Cemaatle namazda dualar içimizden okunduğu halde, tesbihattaki bütün dua cümlelerini açıktan okuma geleneğimizin hikmeti, cemaate öğrenme fırsatı sağlamaktır.
Ayrıca, dualara ve tesbihata "salevat" ile başlamak, kabulü için Peygamberimizi öne katmaktır. Hadis-i şerifte, "Peygambere getirilen salavat, geri çevrilmez" (Şevkani, F.Mecmua, 328) buyurulmaktadır. Salavatı hatırlatıp da, getirmeye fırsat bırakmadan tesbihata devam etmek; cemaate, "siz getirin benim acelem var, arkamdan yetişirsiniz…" demek gibi bir mana taşımaktadır.
Halbuki Yüce Allah, bizim her işimizde hayat rehberimiz olan kitabında, " Şüphesiz ki Allah ve melekleri Peygambere salavat getirirler.
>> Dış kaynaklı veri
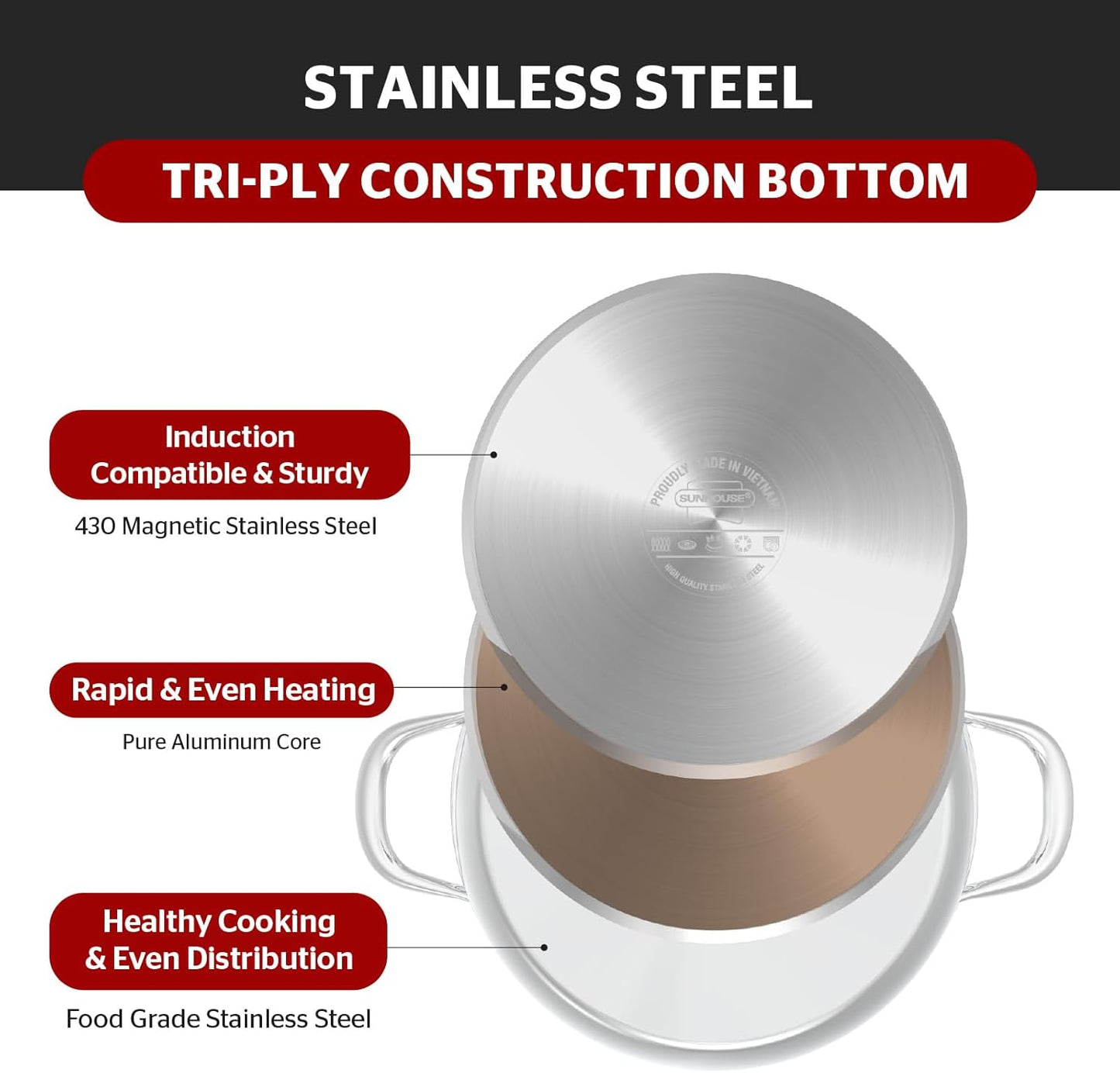 SUNHOUSE 13-Quart Stainless Steel Stockpot w/Tempered Glass Lid - Heavy-Duty, Food-Grade Cookware for Simmering, Boiling, and Induction Cooking - Exceptional Heat Distribution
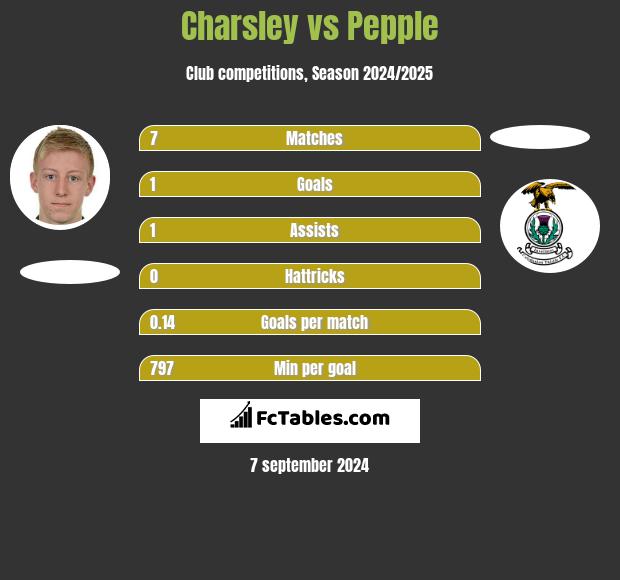 Charsley vs Pepple h2h player stats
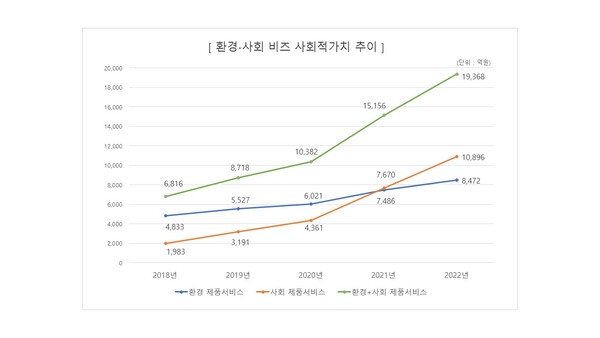 SK그룹 환경.사회 비즈 사회적가치 추이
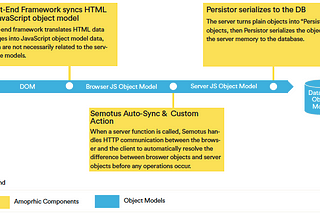 An Introduction to the Isomorphic Paradigm using Amorphic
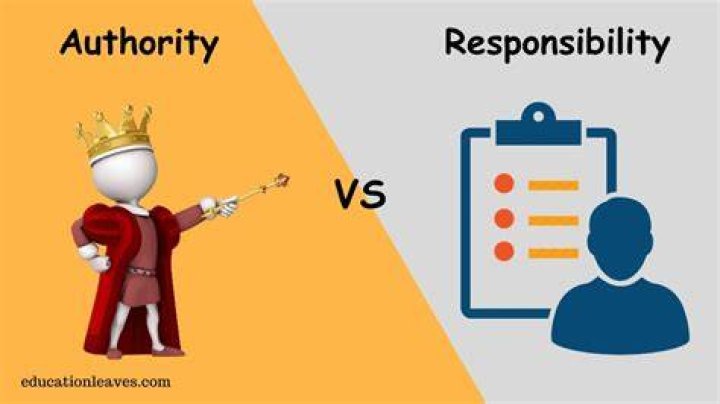 What does all authority should be questioned mean?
Ey iman edenler sizde ona salavat getirin; hem de teslimiyetle (saygı ve samimiyetle) getirin" (Ahzab, 56) buyurmaktadır.
Peygamber efendimiz de hadis-i şerifinde, "Kendisine salavat getiren kimsenin, cennetin kapısına omuzlarında zahmetle taşıyabildiği sevap yüküyle geleceğini" (Sehavi, K.Bedi', 161) müjdelemiştir.
Buna göre bizim tesbihattaki aceleci ve dikkatsiz davranışımız, sevap pazarında kazandıklarımızı döküp saçarak bırakıp gitmemiz gibidir. Bıraktıklarımızı toplayacak olanlar, tesbihatını ağırdan alarak tam ve güzel bir şekilde yapanlar olacaktır.